Under what conditions is the inverse of a function a function?
Can/does this have something to do with the input and outputs of a function or is it as simple whether or not it passes the vertical line test?
Thanks!
-Tom
Under what conditions is the inverse of a function a function?
Can/does this have something to do with the input and outputs of a function or is it as simple whether or not it passes the vertical line test?
Thanks!
-Tom

Hello, Tom!
Under what conditions is the inverse of a function a function?
Can/does this have something to do with the input and outputs of a function
or is it as simple whether or not it passes the vertical line test?
It is as simple as the vertical line test.
There's an "eyeball" approach, too.
Look at the graph of the function f(x).
If it passes the "horizontal line test", its inverse is a function.
(That is, if all horizontal lines intersect the graph in at most one point,
. . then the inverse is also a function.)
A single point can define a function.
For example, {(1,1)}
There is a formal definition of a function that appeared in the 19th Century due to one of my favorites, Dirichlet. Ever since then people started using his definition. A single point fits this definition.

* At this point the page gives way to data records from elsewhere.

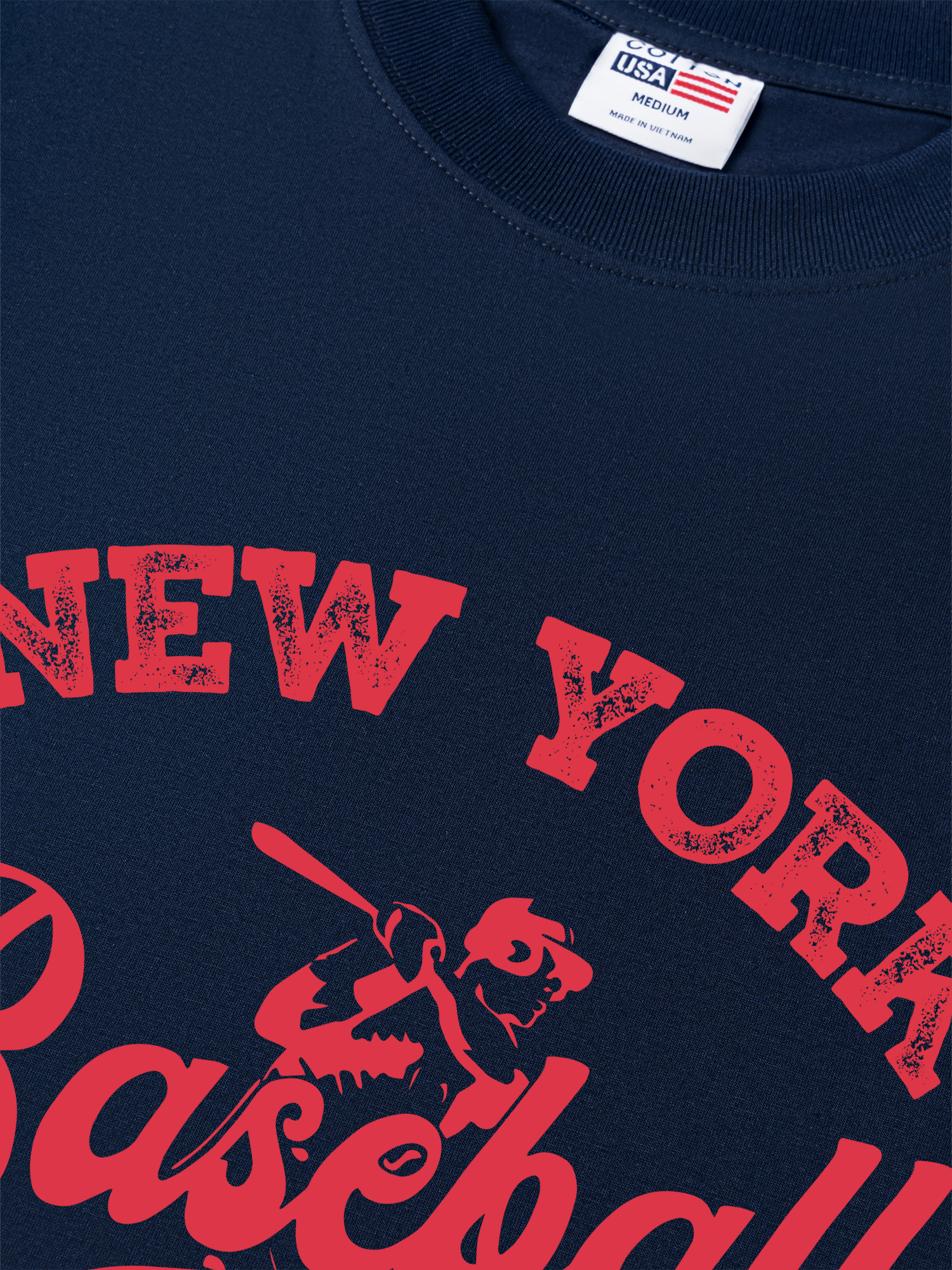 Áo Thun Relaxed Fit New York Baseball Pink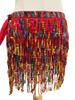 Halloween Belly Dance Costume with Sequin Tassel Hip Scarf and Waist Chain
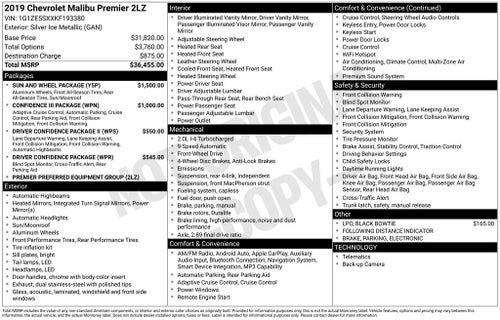 2019 Chevrolet Malibu Premier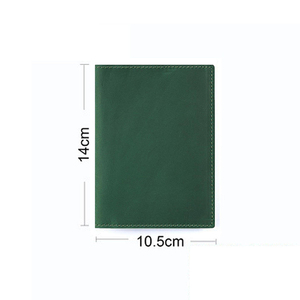 Porta Pasaportes Abierto de Cuero Vacuno Retro Zenos, Porta Boletos de Avión Simple de Cuero Genuino, Porta Identificación Multifuncional - Product Image 6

The first time the word "function" was used by the German polymath/mathematician Gottfiend von Leibniz (he was as much as a nemesis to Newton as I am to CaptainBlank). He definied informally as a relationship between two things. For example, the size of a tree as a function of time.
When LaTeX is back online I can give you a formal treatement of what a function is in a mathematical sense. (But be warned this is going to be your first tour of pure mathematics. It might be dangerous).